> [What you have to do]: Restate the full listing precisely as written.

> [Provided data]:
..........

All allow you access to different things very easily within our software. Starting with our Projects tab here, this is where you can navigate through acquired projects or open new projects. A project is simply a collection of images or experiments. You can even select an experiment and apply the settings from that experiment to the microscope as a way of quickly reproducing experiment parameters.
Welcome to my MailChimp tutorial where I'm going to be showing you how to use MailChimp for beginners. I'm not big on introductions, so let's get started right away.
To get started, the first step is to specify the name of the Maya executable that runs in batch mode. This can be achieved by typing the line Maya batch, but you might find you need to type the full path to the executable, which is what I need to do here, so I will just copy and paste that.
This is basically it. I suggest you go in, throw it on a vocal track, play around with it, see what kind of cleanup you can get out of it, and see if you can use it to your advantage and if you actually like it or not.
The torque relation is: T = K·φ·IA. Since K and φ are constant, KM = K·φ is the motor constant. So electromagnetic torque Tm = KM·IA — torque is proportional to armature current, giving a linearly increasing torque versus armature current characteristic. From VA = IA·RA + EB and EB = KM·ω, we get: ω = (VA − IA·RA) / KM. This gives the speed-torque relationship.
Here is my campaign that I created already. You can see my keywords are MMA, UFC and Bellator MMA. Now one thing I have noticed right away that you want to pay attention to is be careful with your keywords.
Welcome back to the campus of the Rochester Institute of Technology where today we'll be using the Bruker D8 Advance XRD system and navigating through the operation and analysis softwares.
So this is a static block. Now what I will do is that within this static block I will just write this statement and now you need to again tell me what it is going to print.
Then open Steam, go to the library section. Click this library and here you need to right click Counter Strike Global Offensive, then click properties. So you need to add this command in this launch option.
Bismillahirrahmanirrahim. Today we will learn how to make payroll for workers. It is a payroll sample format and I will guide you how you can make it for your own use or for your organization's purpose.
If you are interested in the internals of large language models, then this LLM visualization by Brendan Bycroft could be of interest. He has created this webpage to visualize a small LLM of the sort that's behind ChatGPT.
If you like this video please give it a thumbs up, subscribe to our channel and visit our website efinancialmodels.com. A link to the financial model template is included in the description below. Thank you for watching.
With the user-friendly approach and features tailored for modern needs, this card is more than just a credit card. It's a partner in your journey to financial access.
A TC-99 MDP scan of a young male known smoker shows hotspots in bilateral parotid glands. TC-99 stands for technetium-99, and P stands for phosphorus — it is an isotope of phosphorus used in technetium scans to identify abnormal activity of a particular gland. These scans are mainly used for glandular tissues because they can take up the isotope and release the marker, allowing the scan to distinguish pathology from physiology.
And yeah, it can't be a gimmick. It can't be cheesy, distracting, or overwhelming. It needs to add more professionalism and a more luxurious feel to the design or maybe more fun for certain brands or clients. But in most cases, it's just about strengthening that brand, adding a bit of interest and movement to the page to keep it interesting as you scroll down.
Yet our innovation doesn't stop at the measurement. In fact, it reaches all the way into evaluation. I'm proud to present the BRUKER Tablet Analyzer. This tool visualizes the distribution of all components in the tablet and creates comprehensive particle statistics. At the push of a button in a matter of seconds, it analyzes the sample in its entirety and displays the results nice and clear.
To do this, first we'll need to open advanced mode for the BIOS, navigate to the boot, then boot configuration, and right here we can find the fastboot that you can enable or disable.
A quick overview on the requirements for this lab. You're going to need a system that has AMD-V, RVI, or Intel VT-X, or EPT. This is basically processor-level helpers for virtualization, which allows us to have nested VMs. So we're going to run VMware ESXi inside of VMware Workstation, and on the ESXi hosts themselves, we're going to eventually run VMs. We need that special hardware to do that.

..........

> [Answer below]:
All allow you access to different things very easily within our software. Starting with our Projects tab here, this is where you can navigate through acquired projects or open new projects. A project is simply a collection of images or experiments. You can even select an experiment and apply the settings from that experiment to the microscope as a way of quickly reproducing experiment parameters.
Welcome to my MailChimp tutorial where I'm going to be showing you how to use MailChimp for beginners. I'm not big on introductions, so let's get started right away.
To get started, the first step is to specify the name of the Maya executable that runs in batch mode. This can be achieved by typing the line Maya batch, but you might find you need to type the full path to the executable, which is what I need to do here, so I will just copy and paste that.
This is basically it. I suggest you go in, throw it on a vocal track, play around with it, see what kind of cleanup you can get out of it, and see if you can use it to your advantage and if you actually like it or not.
The torque relation is: T = K·φ·IA. Since K and φ are constant, KM = K·φ is the motor constant. So electromagnetic torque Tm = KM·IA — torque is proportional to armature current, giving a linearly increasing torque versus armature current characteristic. From VA = IA·RA + EB and EB = KM·ω, we get: ω = (VA − IA·RA) / KM. This gives the speed-torque relationship.
Here is my campaign that I created already. You can see my keywords are MMA, UFC and Bellator MMA. Now one thing I have noticed right away that you want to pay attention to is be careful with your keywords.
Welcome back to the campus of the Rochester Institute of Technology where today we'll be using the Bruker D8 Advance XRD system and navigating through the operation and analysis softwares.
So this is a static block. Now what I will do is that within this static block I will just write this statement and now you need to again tell me what it is going to print.
Then open Steam, go to the library section. Click this library and here you need to right click Counter Strike Global Offensive, then click properties. So you need to add this command in this launch option.
Bismillahirrahmanirrahim. Today we will learn how to make payroll for workers. It is a payroll sample format and I will guide you how you can make it for your own use or for your organization's purpose.
If you are interested in the internals of large language models, then this LLM visualization by Brendan Bycroft could be of interest. He has created this webpage to visualize a small LLM of the sort that's behind ChatGPT.
If you like this video please give it a thumbs up, subscribe to our channel and visit our website efinancialmodels.com. A link to the financial model template is included in the description below. Thank you for watching.
With the user-friendly approach and features tailored for modern needs, this card is more than just a credit card. It's a partner in your journey to financial access.
A TC-99 MDP scan of a young male known smoker shows hotspots in bilateral parotid glands. TC-99 stands for technetium-99, and P stands for phosphorus — it is an isotope of phosphorus used in technetium scans to identify abnormal activity of a particular gland. These scans are mainly used for glandular tissues because they can take up the isotope and release the marker, allowing the scan to distinguish pathology from physiology.
And yeah, it can't be a gimmick. It can't be cheesy, distracting, or overwhelming. It needs to add more professionalism and a more luxurious feel to the design or maybe more fun for certain brands or clients. But in most cases, it's just about strengthening that brand, adding a bit of interest and movement to the page to keep it interesting as you scroll down.
Yet our innovation doesn't stop at the measurement. In fact, it reaches all the way into evaluation. I'm proud to present the BRUKER Tablet Analyzer. This tool visualizes the distribution of all components in the tablet and creates comprehensive particle statistics. At the push of a button in a matter of seconds, it analyzes the sample in its entirety and displays the results nice and clear.
To do this, first we'll need to open advanced mode for the BIOS, navigate to the boot, then boot configuration, and right here we can find the fastboot that you can enable or disable.
A quick overview on the requirements for this lab. You're going to need a system that has AMD-V, RVI, or Intel VT-X, or EPT. This is basically processor-level helpers for virtualization, which allows us to have nested VMs. So we're going to run VMware ESXi inside of VMware Workstation, and on the ESXi hosts themselves, we're going to eventually run VMs. We need that special hardware to do that.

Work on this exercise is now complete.